Teori Biologis ADHD Faktor Genetik Penelitian menunjukkan bahwa predisposisi genetik terhadap ADHD kemungkinan berperan. Bila orang tua mengalami ADHD , sebagian anak mereka memiliki kemungkinan mengalami gangguan tersebut (Biederman dkk., 1995). Faktor-faktor Perinatal dan Pranatal Faktor resiko biologis lainnya bagi ADHD mencakup sejumlah komplikasi perinatal dan pranatal. Berat lahir rendah, contohnya merupakan prediktor yang cukup spesifik bagi perkembangan ADHD (a.l., Breslau dkk., 1996; Whitaker dkk., 1997). Racun Lingkungan Beberapa teori ADHD terdahulu yang cukup populer pada tahun 1970-an menyangkut peran berbagai racun lingkungan dalam terjadinya hiperaktivitas. Sebuah teori biokimia mengenai hiperaktivitas yang dikemukakan oleh Feingold (1973) mendapatkan banyak perhatian dalam media populer selama bertahun-tahun. Ia mengemukakan bahwa zat-zat adiktif pada makanan mempangaruhi kerja sistem saraf pusat pada anak-anak hiperaktif dan ia meresepkan diet tanpa zat aditif.
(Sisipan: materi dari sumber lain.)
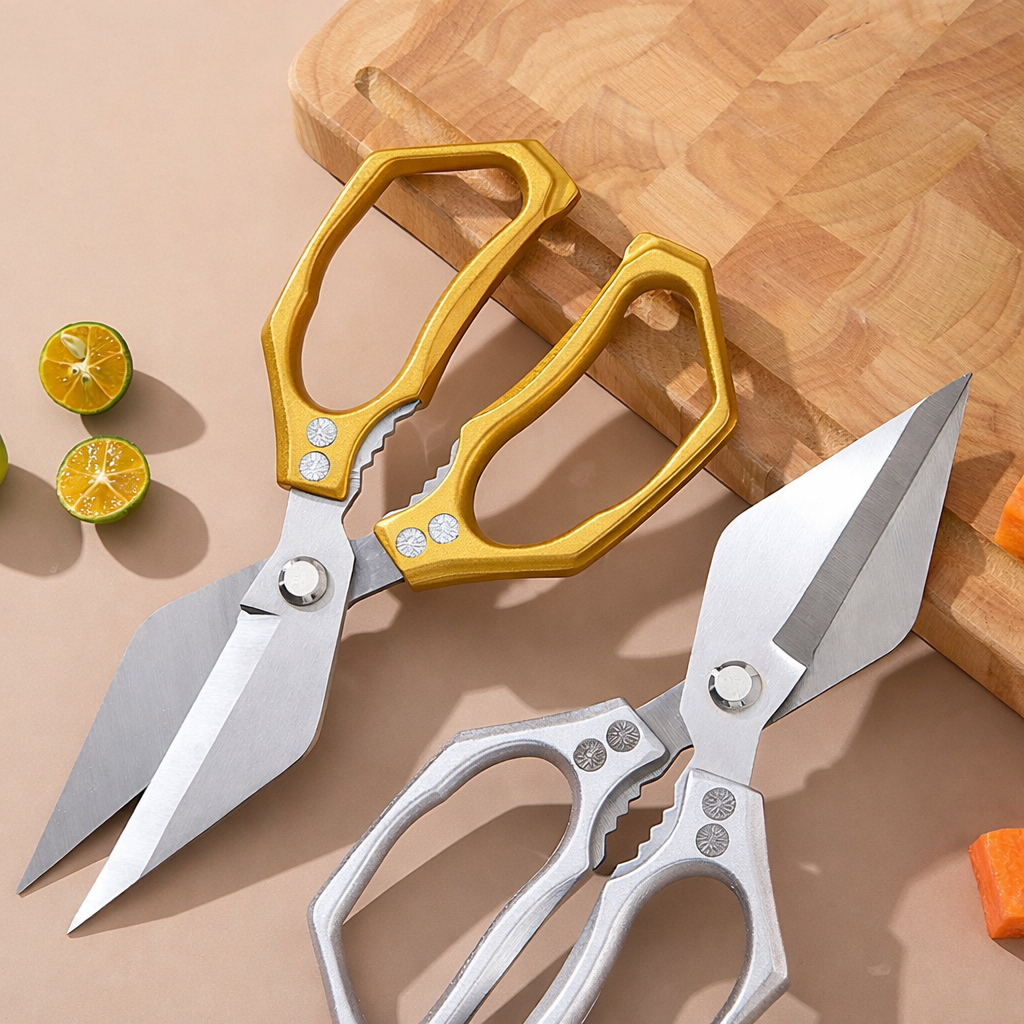 All-in-One Heavy-Duty Kitchen Shears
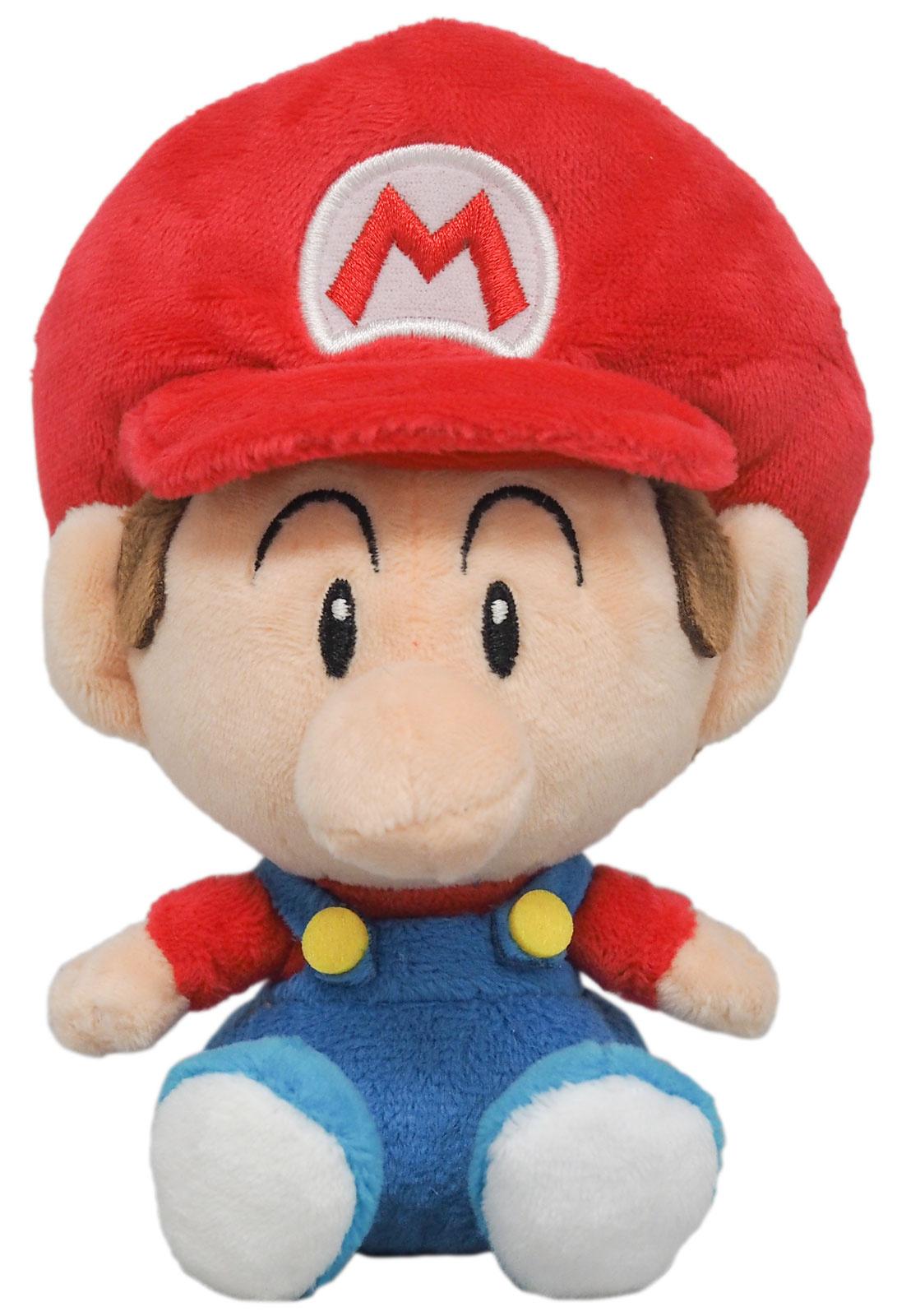 Nintendo Baby Mario Plüsch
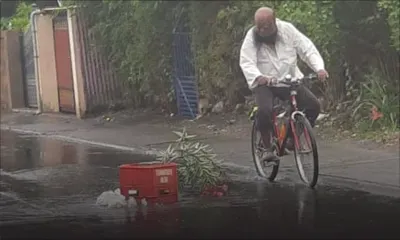 Beau temps en général jusqu’à jeudi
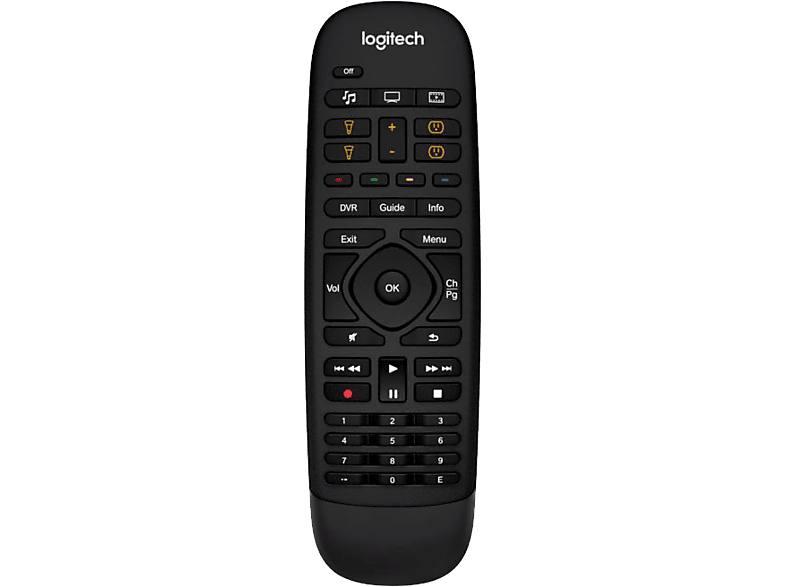 LOGITECH Afstandsbediening Harmony Companion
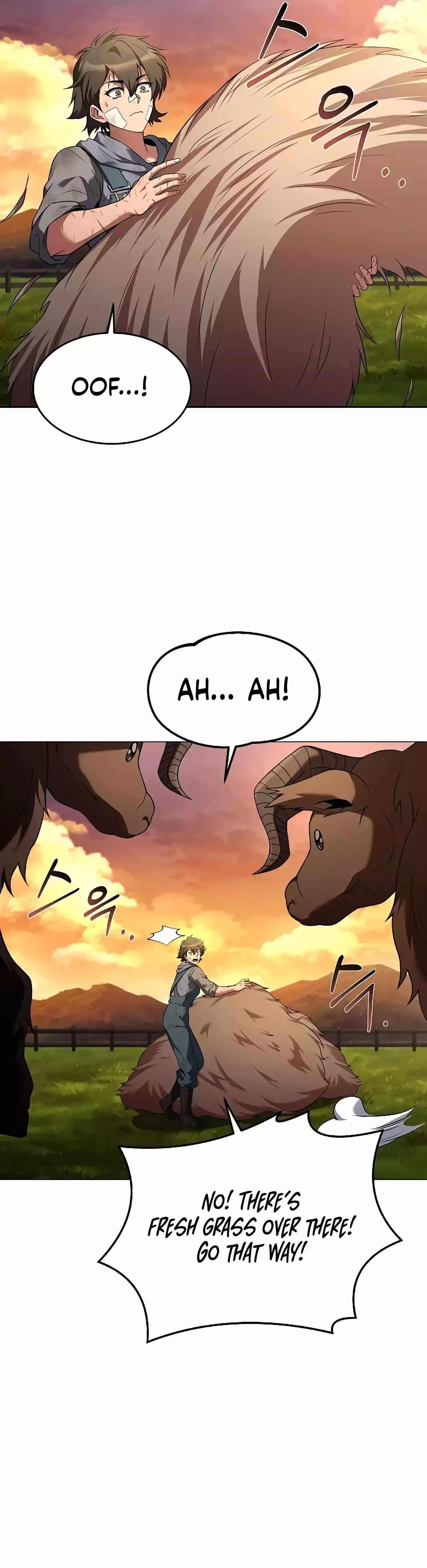 The Archmage’s Restaurant Chapter 12 - Page 33 in English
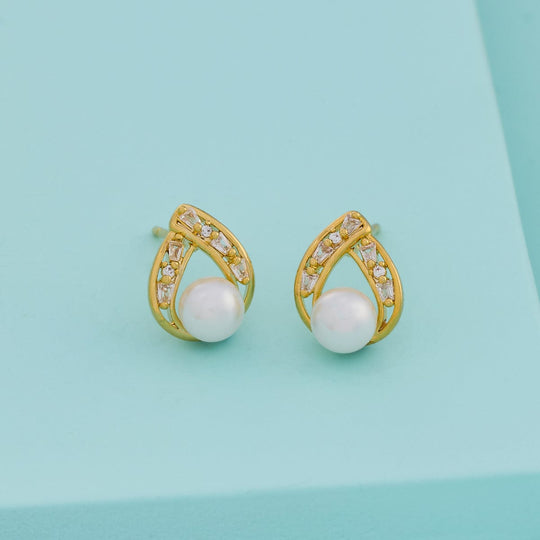 Trendy Zircon Earring Trendy Earring 193074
Teori Psikologis ADHD Psikoanalisis anak Bruno Bettelheim (1973) mengemukakan teori diathesis-stres mengenai ADHD, yang menyatakan bahwa hiperaktivitas terjadi bila suatu predisposisi terhadap gangguan tersebut diapasangkan dengan pola asuh orang tua yang otoritarian. Jika seorang anak memiliki disposisi aktivitas yang berlebihan dan mudah berubah moodnya mengalami stres karena orang tua yang mudah menjadi tidak sabar dan marah, si anak dapat menjadi tidak mampu menghadapi tuntutan orang tuanya untuk selalu patuh. Penanganan ADHD ADHD umumnya ditangani dengan pemberian obat dan berbagai metode behavioral berdasarkan pengondisian operant. Pemberian Obat Stimulan Obat-obat stimulan, khususnya metilfenidat, atau Retalin, telah diresepkan bagi ADHD sejak awal tahun 1960-an (Sprague & Gadow, 1976). Obat-obat lain yang diresepkan untuk ADHD termasuk Amfetamin atau Adderall, dan Pemolin, atau Cylert; namun, Ritalin merupakan obat yang paling umum diresepkan. Penanganan Psikologis Selain pemberian obat, penanganan yang paling menjanjikan bagi anak-anak ADHD mencakup pelatihan bagi oarang tua dan perubahan manajemen kelas berdasarkan prinsipprinsip pengondisian operant. Dalam berbagai penanganan tersebut anak-anak dipantau dirumah dan di sekolah, dan mereka diberi penguatan untuk berprilaku sesuai dengan harapan, contohnya, tetap duduk dikursi dan mengerjakan tugas mereka. Sistem poin dan papan bintang merupakan komponen umun dalam program-program tersebut.